Ultimate success and happiness comes from leading a principled life, not in getting the upper hand. - Sally Forth, comics section of Seattle Times, Sunday, 2/18/2007
Affirmative action is "the just spoils of a righteous war." - Julian Bond
There is one thing someone who surveys the current political scene can be confident of, that people believe, or say they believe, that "liberal" and "left" mean much the same thing. As a liberal, I find this to be a problem. The left as it is now constituted does not have the values which characterized the old left: rationality and individualism, civility, toleration, privacy, impartiality, objectivity, generosity, public-spiritedness, optimism, humanitarianism, and equality. When I ask what I should think with respect to the social and political issues of the day, neither the left (nor the right) seems to offer guidance that is intellectually, morally, or politically satisfactory.(*) Correction. Originally read: "it is solved by resolutely opposing even the hint of equality in any form."(Revised by editor 11/18/13)

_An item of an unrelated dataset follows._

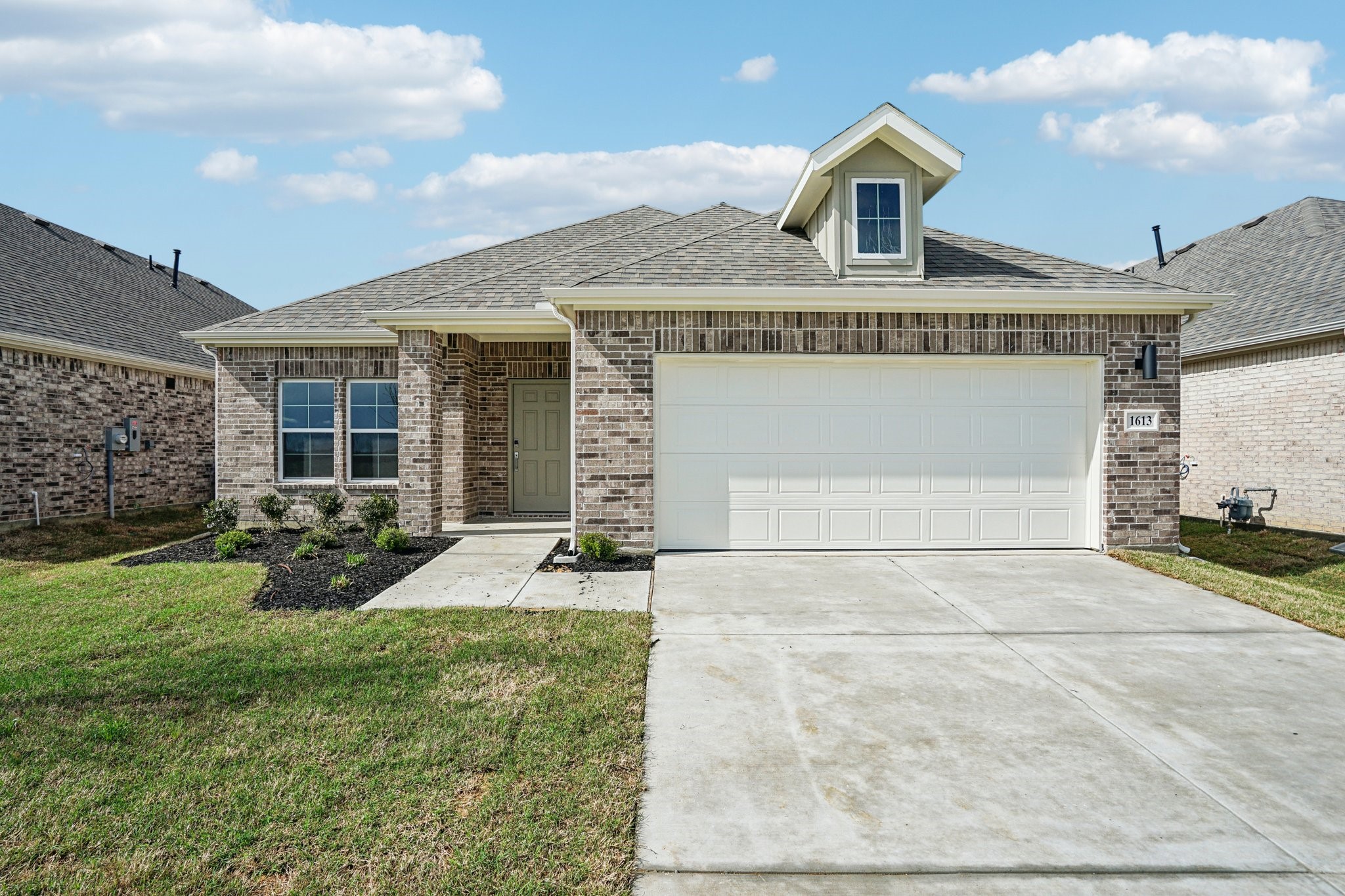 1613 Mahogany Avenue Alvarado TX 76009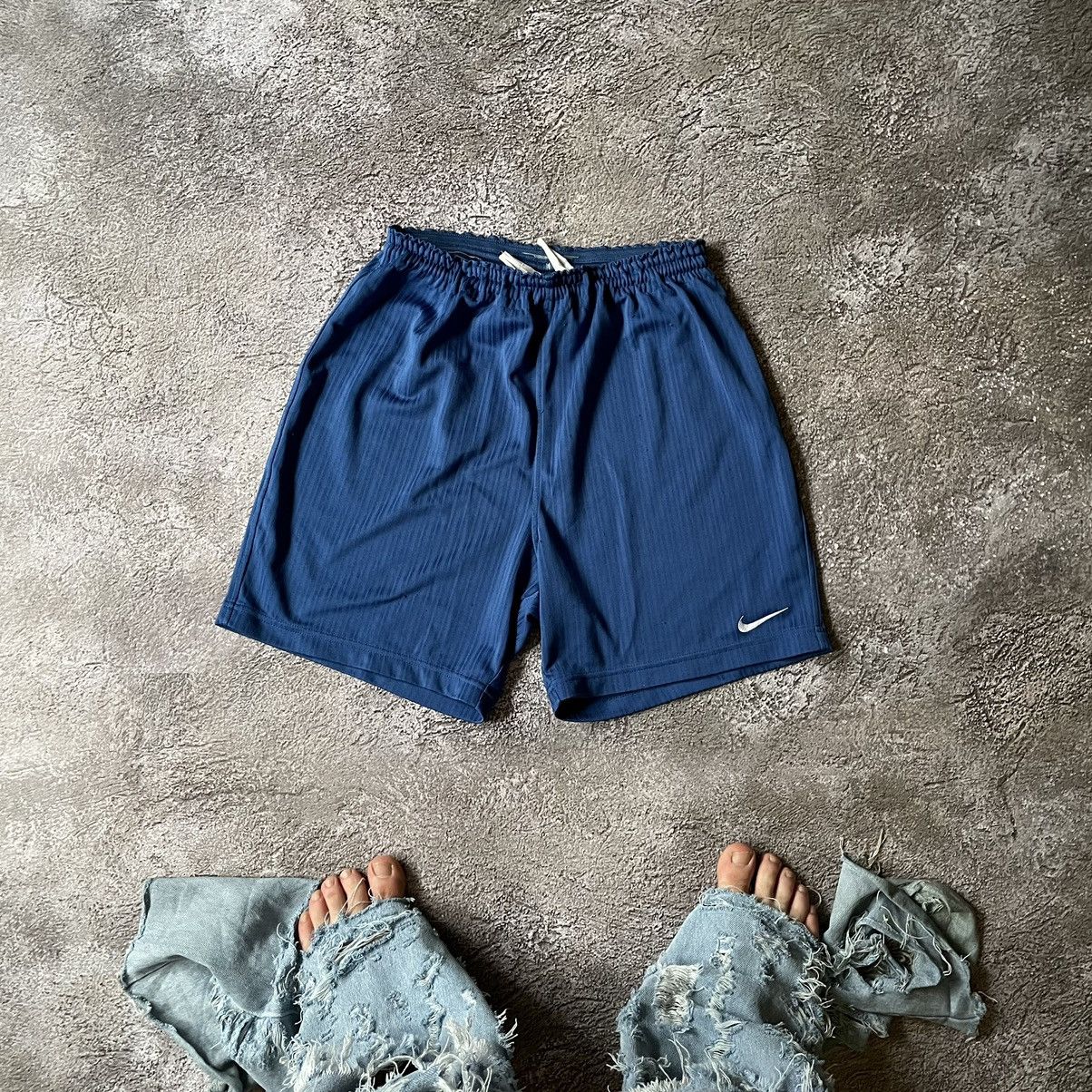 Vintage Vintage 90s Nike Swoosh Shorts Baggy Streetwear Y2K Faded 32 Size US 32 / EU 48 - 1 Thumbnail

How, for example, should I think about white people? (I happen to be white.) The left seems to find that the cases of man's inhumanity to man fall disproportionately on Caucasians. Should I view white people as uniquely bad, and perhaps deserving of punishment wherever I find them? Should I see white people as guilty because of the history of slavery? Some conduct reflecting these sentiments has entered into everyday life. Many depart from what may be their usual candor and frankness when the reference is racial or ethnic minority groups or members. Many whites, Shelby Steele observes, have confessed to him "that on some occasion they have not said something they truly believed for fear of being marked a racist." An unwritten rule that "We must say only good things about these people" seems to be in effect. In remembrance of a regrettable past, the joshing and jostling and hurly-burly which characterizes our conduct with equals is forgone. An unnatural politeness, even solicitude takes over with respect to members of certain groups.
One answer is suggested by the example of Martin Luther King Jr. The civil rights leader said several things which guide me in my response to the injustices of the past. He said, "Any law that uplifts human personality is just. Any law that degrades human personality is unjust." He did not draw a distinction between one group of humans and another. "God is not merely interested in the freedom of brown men, yellow men, red men and black men," King said. "He is interested in the freedom of the whole human race." From such a perspective the problem with theories of group guilt is that it divides King's "human race" into two separate, unequal categories, one part burdened by accusation and shame, the other indignant, resentful, and inclined to feel justified in seeking retribution.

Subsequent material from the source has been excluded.